Every day Shaun follows this simple yet full schedule, finding joy in his customers and the bikes he builds, even with the ever-looming threat of unforgiving weather and an even more unforgiving job market.
A veteran of the Navy, a land surveyor by trade, and a skilled bike mechanic, Shaun is both a people person who will look you straight in the eye and a man of few words with an air of mystery about him. Originally from a small town of about 2,000 people in Indiana, Shaun has lived in Portland for the past 12 years, drawn by the city’s natural splendor.
“The air’s a little bit cleaner here than other places. I breathe better and feel better here.” He also enjoys Portland for the city’s small-town feel. “Portland isn’t really a city. It’s kind of big for a small town but that’s really what it is in some ways. I can’t go anywhere without running into somebody I know.”

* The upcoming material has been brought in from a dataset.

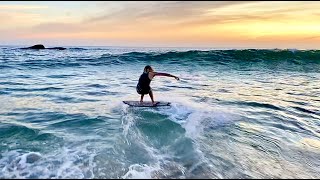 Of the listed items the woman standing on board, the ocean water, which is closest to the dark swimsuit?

Shaun has been with Street Roots for only the past couple of months, but has taken to it naturally. Despite his dedication to selling the paper, however, Shaun admits he makes only enough money to cover his most basic of needs, such as food.
“It’s fun talking to people though,” he says with a shy smile. “And it’s a good paper.”
Before joining Street Roots, Shaun, an ITT graduate, says he worked as a land surveyor and helped build the yellow and green MAX lines downtown in 2006-7. Having been a working man for most of his life, Shaun turned to Street Roots after a decline in the city’s infrastructure projects left him struggling to find a steady job. Despite that, Shaun continues his mechanical work, both by volunteering at Bike Farm and reading technical books in his spare time.
When I press Shaun to tell me what he would like his profile to tell Street Roots readers, he thinks for a moment and answers, “All I can say is thanks for buying the paper and being a regular supporter.”
As for the future, Shaun’s hopes are straightforward and earnest.
“My only real hope is that I can lift my income up a little higher than it is and kind of live a little more comfortably.”
If ever you pass Shaun outside his turfs at New Seasons and Starbucks stop a minute to say “Hi.”